第42話 vs護衛騎士

 西洋の甲冑を纏った男はさらに言葉を続ける。


「いくらウィクトーリア様を誘拐犯から助けた恩人とはいえ、ダンジョンなんて危険な場所に連れて行こうと言うのだ、相応の実力を示してほしい! まさか、今さら怖くて私とは戦えない、とは言うまい?」


「それは……」


 色々とツッコみたい部分はあるが、これ以上騒ぎを大きくしたくない。不敬だなんだ、そこまで言ってないなどの言葉を全て呑み込み、肩を竦めて返事を返す。


「わかった。あなたと戦えばいいのかな?」


「そのとおりです。ダンジョンのそばにはひらけたスペースがありますから、そこで軽く刃を交えましょう。ヘルメス様の実力が本物だとわかれば、私も大人しく身を引きます。そうでなければウィクトーリア様はすぐにでもご自宅へ連れて帰りますからね!」


「やれやれ……血の気の多い護衛だね」


 通りの先、近くのダンジョンへ向かって歩き出した男の背中を追う。並んで歩くウィクトーリアが、申し訳なさそうな顔で言った。

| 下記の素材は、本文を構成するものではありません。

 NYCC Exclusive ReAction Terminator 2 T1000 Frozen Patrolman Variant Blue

「す、すみませんでした、ヘルメス様。ここまで大事になるとは……」


「構いませんよ。自分から首を突っ込んだことですし、なんとなく、あの騎士も気に喰わないので」


「ヘルメス様……ありがとうございます」


「いえいえ。それより、これからあの方と戦いますが、俺が倒しても問題ありませんか? 怪我をさせるつもりはありませんが、万が一のことも考えられます」


「はい! それはもう思い切りやってください! 責任は私が持ちます!」


 グッと拳を握り締め、「ファイト!」と言わんばかりのウィクトーリアの態度に苦笑する。

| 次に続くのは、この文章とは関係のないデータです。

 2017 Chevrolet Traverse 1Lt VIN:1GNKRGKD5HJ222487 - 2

「いいんですか? もっとこう……心配するとかは……」


「あの人は頼んでもないのに付きまとってくるので気持ち悪いんです。実力は確かなので解雇しずらいですが、今日の件を持ち出せばクビにできるでしょう。前々から嫌いだったので、どうぞご自由に負かしてくださいっ」


「は、はぁ……」


 なんだかよくわからないが、取り合えずあの護衛の男をボコボコにしてもいいらしい。ボコボコにするつもりはないが、急に自分がお姫様を騎士から攫う魔王的なポジションに思えてきた。


 どちらが悪いなど、一方の意見では決められない。彼女を心配する男の言動とて、裏を返せばそれだけウィクトーリアの身を案じてるということだ。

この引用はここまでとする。